Mit Atomkraftwerk gegen Atomkraft: Jusos Heidelberg informieren die Bevölkerung

Veröffentlicht am 12.03.2012 in Jusos in Aktion

Am Sonntag, dem 11. März 2012, an dem sich die Reaktorkatastrophe von Fukushima zum ersten Mal jährt, informierten die Heidelberger Jusos die Bevölkerung auf dem Bismarckplatz zum Thema Kernkraft. Der mitgebrachte Meiler (siehe Bilder, klick!) erregte die nötige Aufmerksamkeit und so konnten die Jusos vor den Folgen der nuklearen Energieerzeugung warnen und für die globale Energiewende eintreten.

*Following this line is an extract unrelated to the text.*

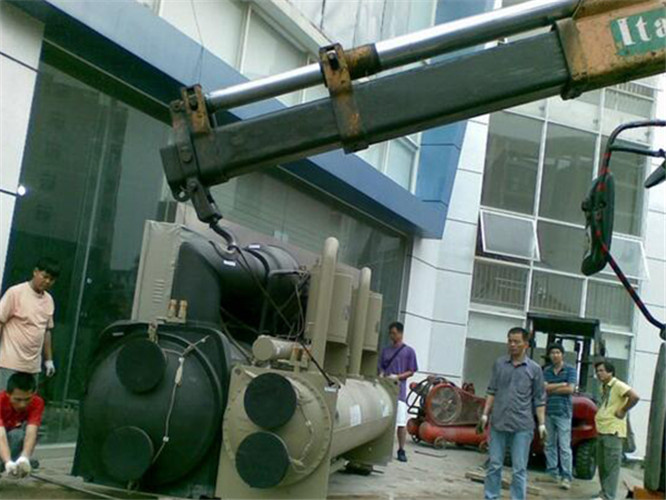 铜陵市随车吊和汽车吊的核心区别是什么？哪种更省钱？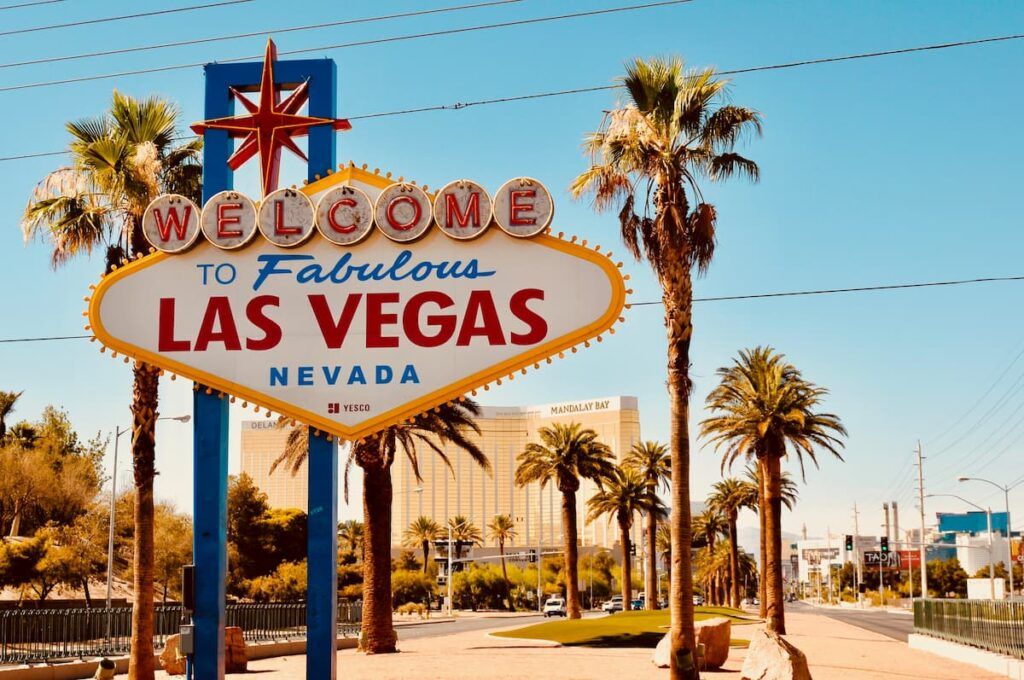 Las Vegas Sign davanti alle palme della città di giorno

Den meisten Menschen, die an diesem Tag den Bismarckplatz überquerten, stach sofort das Atomkraftwerk der Jusos und der verstreute Atommüll ins Auge. Das Sperrholzabbild und die gelben Atommüllfässer erwiesen sich jedoch bei näherer Begutachtung als ungefährlich – im Gegensatz zu den 440 echten Reaktoren, verteilt über den gesamten Globus. Die Jusos verteilten Inhaltsflyer mit dem Titel „Atomkraft überall abschalten“ und erörterten mit den anwesenden Menschen die Vor- und Nachteile der nuklearen Energieerzeugung. So vertieften die Jusos mit der Bevölkerung bekannte Gefahren, wie beispielsweise das Lagerproblem des sich bereits angesammelten, hochradioaktiven Abfalls von weltweit ca. 300.000 Tonnen oder die Sicherheitsrisiken von Kernkraftwerken. Andere Nachteile konnten die Jusos offenlegen: dass der Abbau von Uranerz oftmals mit schwerwiegenden gesundheitlichen Problemen für die Arbeiterinnen und Arbeiter in den Minen verbunden ist, war wenigen bekannt. Im Laufe des Tages zeigte sich, dass nicht nur die Jusos, sondern auch die Mehrheit der anwesenden Menschen fand, dass die Kosten von Kernkraft dem Nutzen bei weitem überlegen sind. Viele teilten die Meinung der Jusos, dass der Energiehunger der Industrieländer keine Ausrede dafür sein darf, Kernkraftwerke sowie den gefahrvollen Uranabbau als alternativlos hinzustellen. Dass diese Probleme nationalstaatliche Kompetenzen überschreiten, bewirkt möglicherweise ein Gefühl der Handlungsunfähigkeit. Angesichts verlängerter Laufzeiten, neuer Baugenehmigungen für Reaktoren und organisierter Behinderung des Ausbaus regenerativer Energien wünschen sich die Jusos deshalb ein internationales Auftreten der Bundesregierung als Verfechterin der Energiewende. Die Heidelberger Jusos konnten am Sonntag also erfolgreich ihren Informationsstand nutzen, um auf lokaler Ebene Menschen über das globale Problem 'Kernkraft' tiefergehend zu informieren und die Wichtigkeit des Einsatzes eines/einer Jeden für eine nachhaltige und gerechte Welt herauszustellen. (jo)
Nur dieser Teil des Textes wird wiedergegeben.